Royal Bank of Canada (RBC) was assessed an administrative penalty of nearly 7.5 million Canadian dollars (then-U.S. $5.5 million) by the country’s financial intelligence agency for alleged deficiencies in its suspicious transaction reporting mechanisms.
The penalty was imposed Nov. 3 but announced by the Financial Transactions and Reports Analysis Centre of Canada (FINTRAC) on Tuesday. The agency said it found evidence of noncompliance with the Proceeds of Crime (Money Laundering) and Terrorist Financing Act at RBC following an examination in 2022.
The details: FINTRAC alleged three specific violations at RBC:
- Failure to submit suspicious transaction reports in cases where suspected money laundering offenses were considered reasonable. This impacted 16 out of 130 case files reviewed and included instances related to fraud and failures in the bank’s escalation and investigation procedures.
- Failure to provide required information in suspicious transaction reports, including filing separate reports for different branch locations. FINTRAC said its review found 29 of 34 reports that included transactions for multiple locations.
- Failure to keep written policies and procedures up to date. FINTRAC said some of RBC’s procedures for reporting suspicious transactions were “incomplete, inadequate, and in some cases not applicable.”

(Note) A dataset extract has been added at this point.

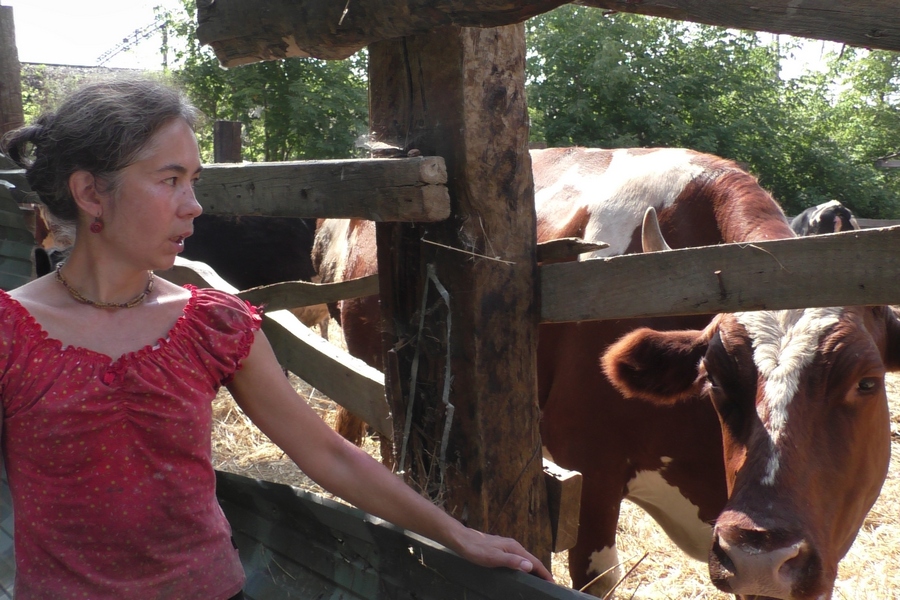 В Казани у коров нашлись защитники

The agency noted its penalty was not in response to any criminal offenses for money laundering or terrorist activity financing.

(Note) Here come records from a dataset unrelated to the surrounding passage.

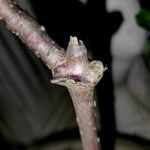 Mandevilla laxa Bark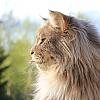 Varg the Maine Coon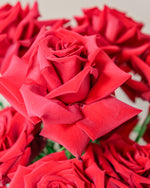 Lucky Bloom Vase Arrangement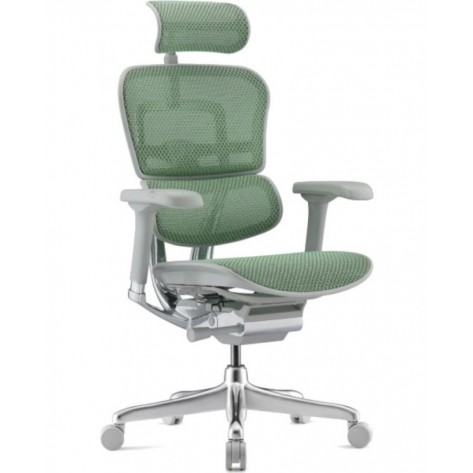 Ергономичен стол Antares - ERGOHUMAN 2 ELITE GREY, зелен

Compliance considerations: The penalty amount is notable considering FINTRAC issued approximately CAD$1.2 million (U.S. $880,000) in fines across eight other actions published online this year.
Bank response: “We hold ourselves to the highest standards on our processes to report suspicious activity and quickly took action to address gaps,” said RBC in an emailed statement. “We chose not to appeal but believe the fine is not at all commensurate with an administrative matter where there is no connection to money laundering or terrorist financing offences.
“Equally important, there is no finding that anyone exercised judgment in bad faith or knowingly contributed to violations.”